II. Die Kosten des Verfahrens werden gegeneinander aufgehoben.
III. Der Streitwert wird auf 10.000,00 Euro festgesetzt.
Gründe
1
Das Verfahren ist aufgrund der übereinstimmenden Erledigungserklärungen der Antragstellerin (Schriftsatz vom 19.1.2023) und der Antragsgegnerin (Schriftsatz vom 26.1.2023) beendet und in entsprechender Anwendung von § 92 Abs. 3 VwGO einzustellen.
2
Die Kostenentscheidung beruht auf § 161 Abs. 2 Satz 1 VwGO. Maßgeblich hierfür ist nach billigem Ermessen, dass sich die Erfolgsaussichten des Rechtsschutzbegehrens der Antragstellerin unter Berücksichtigung des bisherigen Sach- und Streitstands nicht ohne weiteres übersehen lassen und eine weitere Sachaufklärung oder auch die Klärung schwieriger Rechtsfragen in diesem Rahmen nicht stattfindet (vgl.

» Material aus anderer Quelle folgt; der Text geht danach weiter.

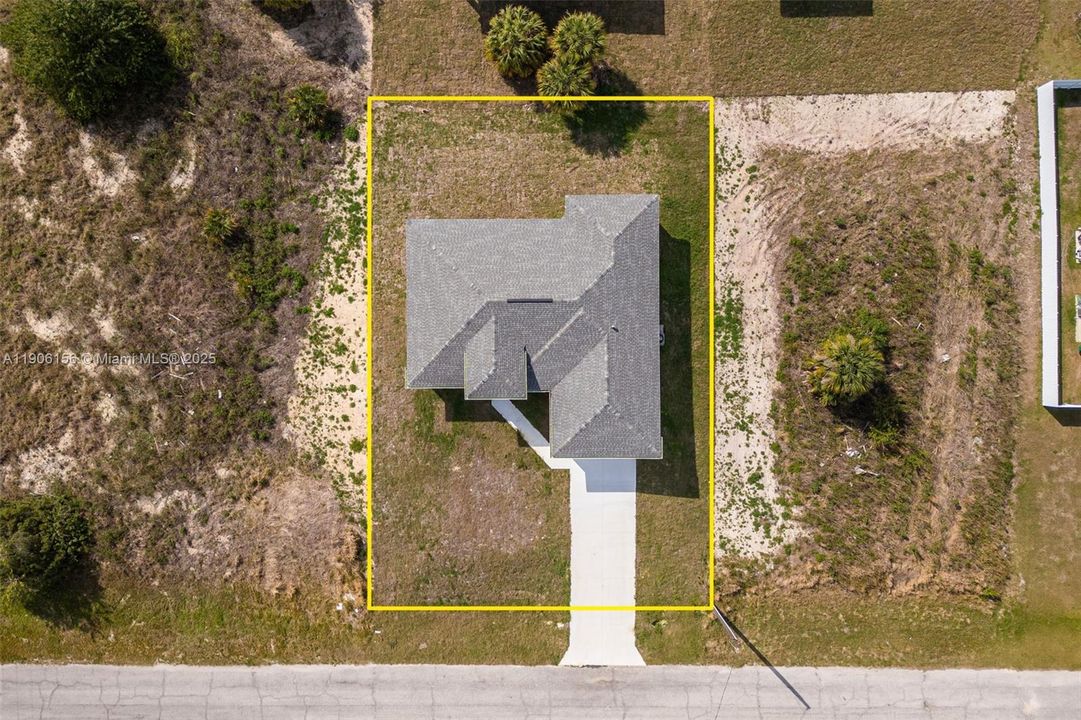 最近售出: $333,000 (4 贝兹, 2 浴室, 1662 平方英尺)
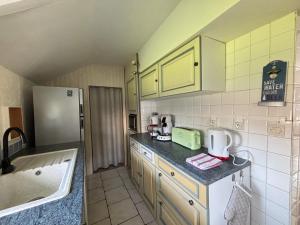 Maisons de vacances Rivage Maison spacieuse 10 p 5 chambres 2 sdb 2 WC tout confort avec jardin, belle terrasse amenagee, parking privatif, a 3km d-Omaha Beach et Port en Bessin : photos des chambres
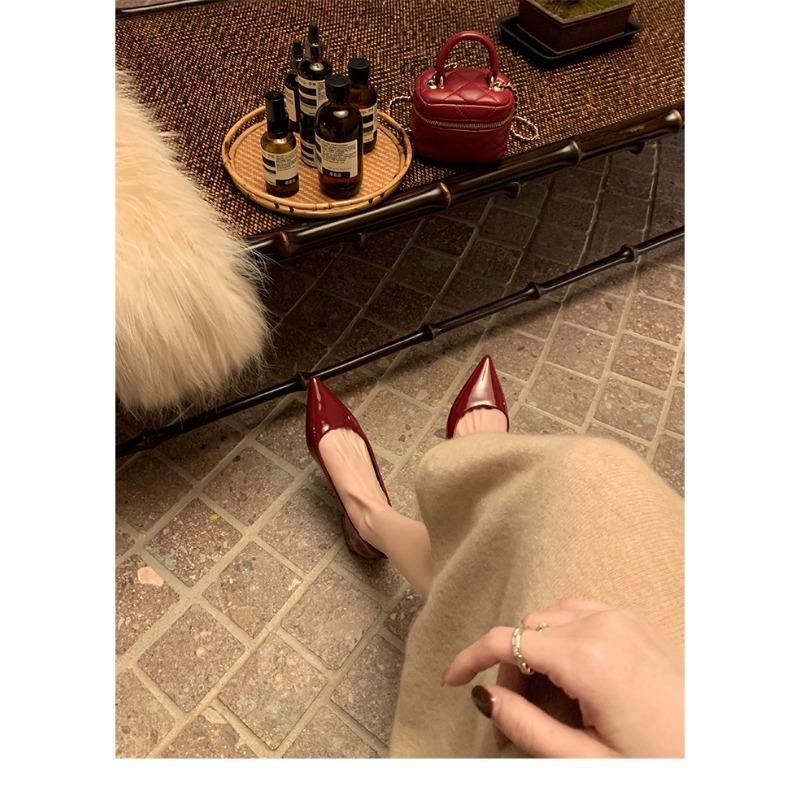Leather shallow mouth pointed shoes thick heel single shoes women Mary Jane ladyshoes evening shoes small high heels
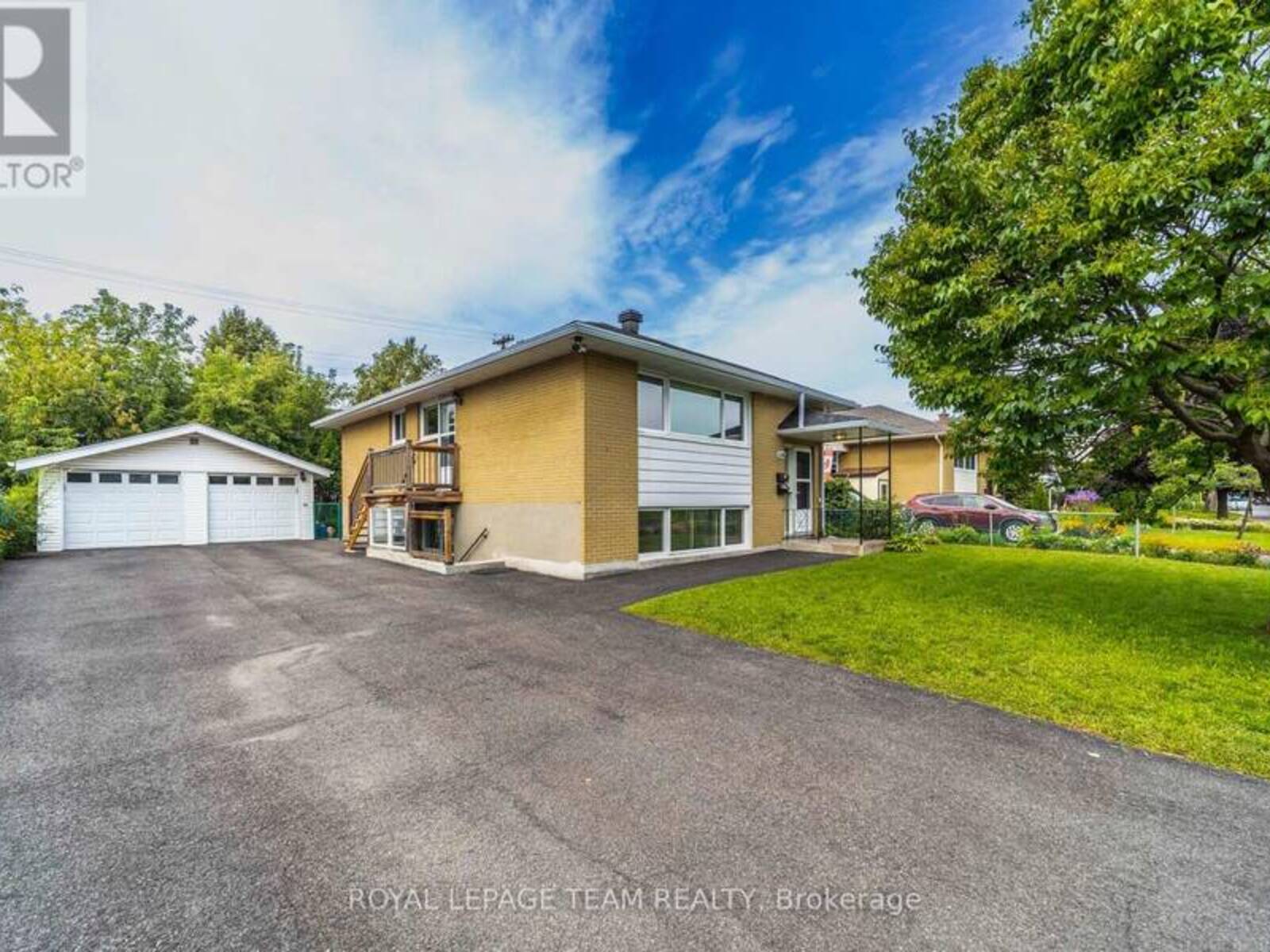 676 BORTHWICK AVENUE, Ottawa, Ontario K1K 2M2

BayVGH, B.v. 28.7.2021 - 9 N 21.1123 - juris Rn. 2). Die Antragstellerin griff im Wege des Normenkontrollverfahrens als betroffene Grundstückseigentümerin im Geltungsbereich eine Veränderungssperre an, deren Geltungsdauer um ein Jahr verlängert wurde. Fraglich ist insbesondere, ob bei streitiger Entscheidung das erforderliche Mindestmaß an Konkretisierung der Planung zu bejahen gewesen wäre (vgl. BVerwG, B.v. 22.7.2008 - 4 BN 18.08 - juris Rn. 3). Die Anforderungen, die im Zeitpunkt des Erlasses einer Veränderungssperre an die Konkretisierung der planerischen Vorstellungen der Gemeinde zu stellen sind, sind zwar mit Rücksicht auf die gemeindliche Planungshoheit denkbar gering. Allerdings muss sich ein Mindestmaß dessen erkennen lassen, was Gegenstand und Inhalt des zu erwartenden Bebauungsplans ist. Die Gemeinde muss bereits positive planerische Vorstellungen über den Inhalt des Bebauungsplans so weit entwickelt haben, dass diese geeignet sind, die Entscheidung der Genehmigungsbehörde über die Vereinbarkeit eines Vorhabens mit der beabsichtigten Planung zu steuern (vgl. BayVGH, U.v. 14.3.2022 - 1 N 21.1155 - juris Rn. 14). Ob dies hier der Fall war und die Gemeinde mit der Veränderungssperre nicht erst Zeit für die Entwicklung eines bestimmten Plankonzepts gewinnen wollte (vgl. BVerwG, U.v. 19.2.2004 - 4 CN 16.03 - BVerwGE 120, 138), lässt sich anhand der Formulierung im Aufstellungsbeschluss, dass mit dem Bebauungsplan die historische Abgrenzung des Altortes gesichert und in ihrer ökologischen Funktion sowie als Pufferzone zwischen der Altortbebauung und den späteren Siedlungserweiterungen erhalten werden soll, sowie auf Basis der bisher im Verfahren vorgelegten Unterlagen nicht mit dem erforderlichen Maß an Sicherheit abschließend beantworten. Nach Erlass der Veränderungssperre vorgenommene Konkretisierungen der Planung können insoweit nicht berücksichtigt werden.
3
Die Streitwertfestsetzung beruht auf § 52 Abs. 1 und 8 GKG i.V.m. Nr. 9.8.4 und 9.8.1 des Streitwertkatalogs für die Verwaltungsgerichtsbarkeit 2013.
4
Dieser Beschluss ist unanfechtbar (§ 152 Abs. 1, § 158 Abs. 2 VwGO).